Egg Salad Sandwich
Creamy egg salad with a little crunch and mustard tang, piled on soft bread. A cheap, filling lunch from a handful of eggs.
Egg salad is one of the cheapest, most satisfying lunches you can make. A few eggs, some mayo and mustard, and a bit of crunch turn into a creamy filling in minutes.
The only step that needs care is the eggs themselves. Use the boil-and-rest method for set yolks, then shock them in ice water so they peel cleanly.
Ingredients
- 6 eggs
- 3 tbsp mayonnaise
- 1 tsp Dijon mustard
- 1 stalk celery, finely diced
- 1 tbsp chives or green onion, chopped
- 4 slices of bread
- Salt and pepper, to taste
Instructions
- Place the eggs in a pot, cover with cold water, and bring to a boil.

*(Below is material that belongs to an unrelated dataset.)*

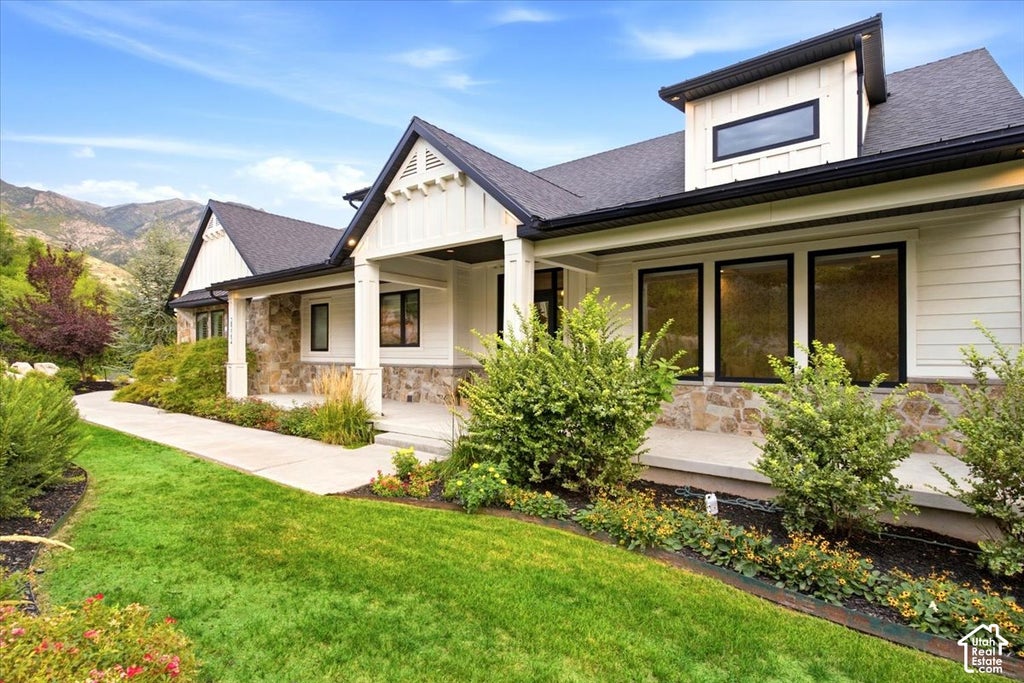 Photo of 2522 E THURSTON LN, Layton, UT 84040 (MLS # 2192575)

- Once boiling, cover the pot, turn off the heat, and let the eggs sit for 11 minutes.
- Drain and transfer the eggs to a bowl of ice water to cool, then peel them.
- Chop the eggs and add them to a bowl with the mayonnaise, mustard, celery, and chives.

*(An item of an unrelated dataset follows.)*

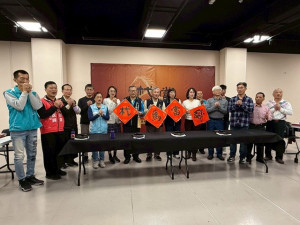 大里新春揮毫。林重鎣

- Mix well and season with salt and pepper.
- Pile the egg salad onto two slices of bread, top with the other two, and serve.
Equipment
- Pot
- Mixing bowl
Tips
- The ice bath stops the cooking and makes the eggs much easier to peel.
- Eleven minutes off the heat gives fully set yolks without the gray ring.
- The celery adds the crunch that keeps the salad from feeling heavy.